La protesta davanti a Palazzo Marino (foto Salmoirago)

La protesta davanti a Palazzo Marino (foto Salmoirago)

Milano – "Noi non siamo il bancomat del Pat”, hanno scandito al megafono gli inquilini e gli esponenti dei sindacati (tra cui Sicet e Unione inquilini) che questo pomeriggio hanno manifestato in piazza della Scala, davanti a Palazzo Marino, contro la cessione degli alloggi del Pio Albergo Trivulzio al fondo immobiliare della società del ministero dell’Economia, Invimit. Con striscioni che ripetevano questo concetto, decine di persone hanno protestato davanti al Comune.

La protesta davanti a Palazzo Marino (foto Salmoirago)
La protesta davanti a Palazzo Marino (foto Salmoirago)

“Questo patrimonio immobiliare costituisce un polmone di affitti, in parte a canoni concordati, fondamentale per Milano e provincia – ha spiegato Carmelo Benenti segretario del Sunia Milano –. La preoccupazione più grande poi, a fronte di una imminente cessione è che non è stato ancora rinnovato l'accordo territoriale per calmierare i prezzi".

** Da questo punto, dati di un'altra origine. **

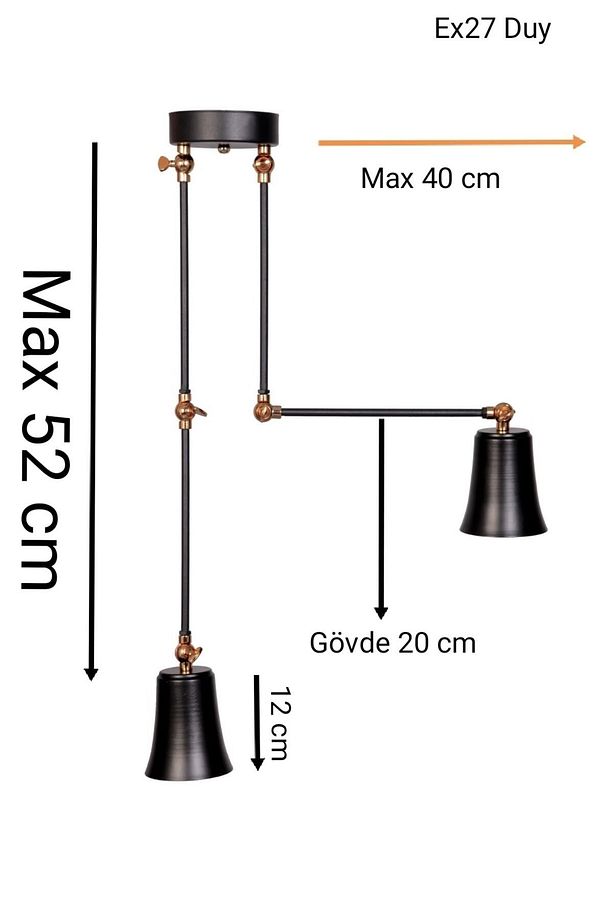 Modern Sarkıt Avize 6 Mafsal Sarkıt Avize 2 Başlı - 2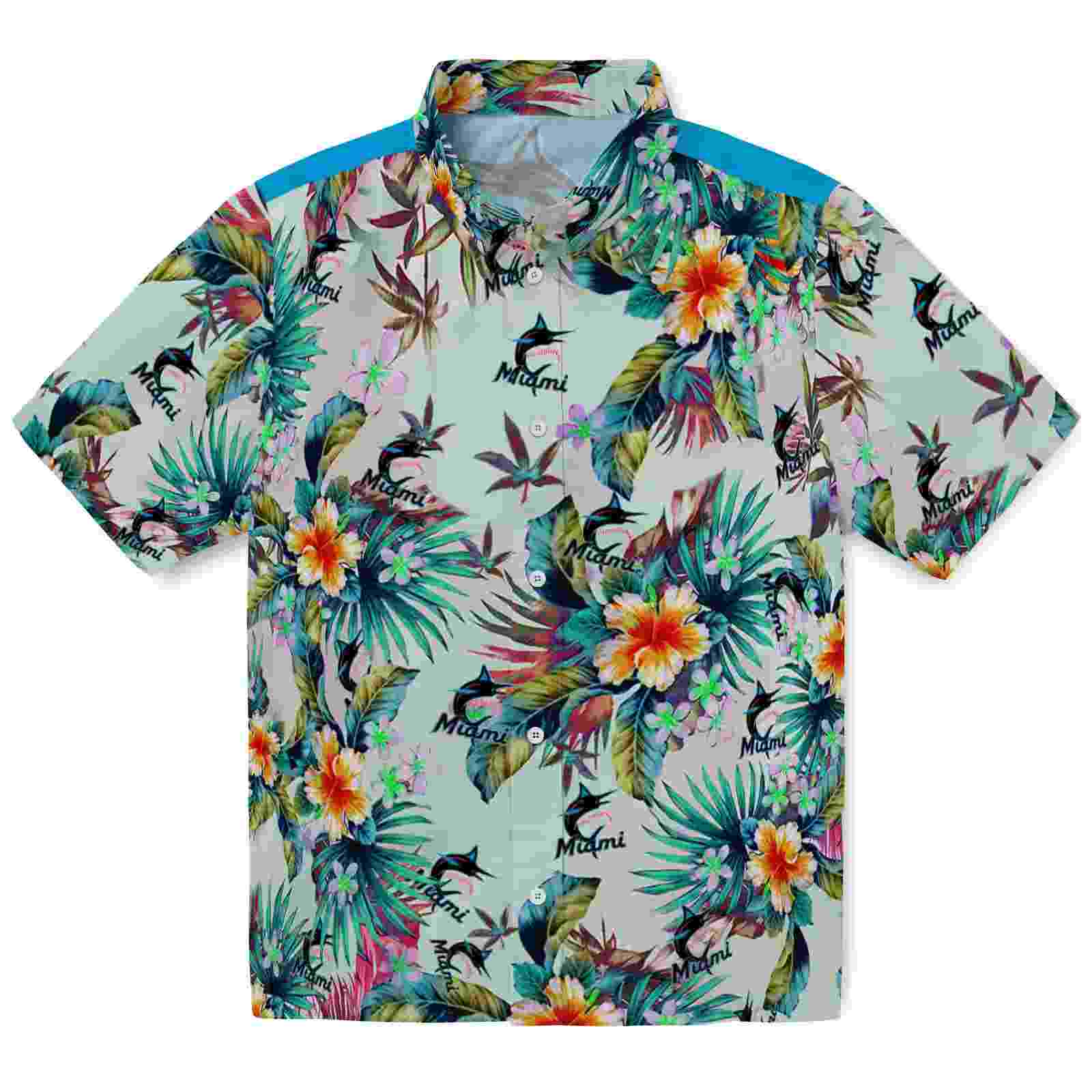 Miami Marlins Tropical Foliage Green Hawaiian Shirt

"Non si tratta infatti di una cessione della gestione, come il commissario straordinario del Pio Albergo Trivulzio Francesco Paolo Tronca continua a dire - ha concluso -, ma di una vera e propria cessione della proprietà di questi appartamenti a Invimit, con il rischio di aumenti degli affitti, sfratti o di future alienazioni".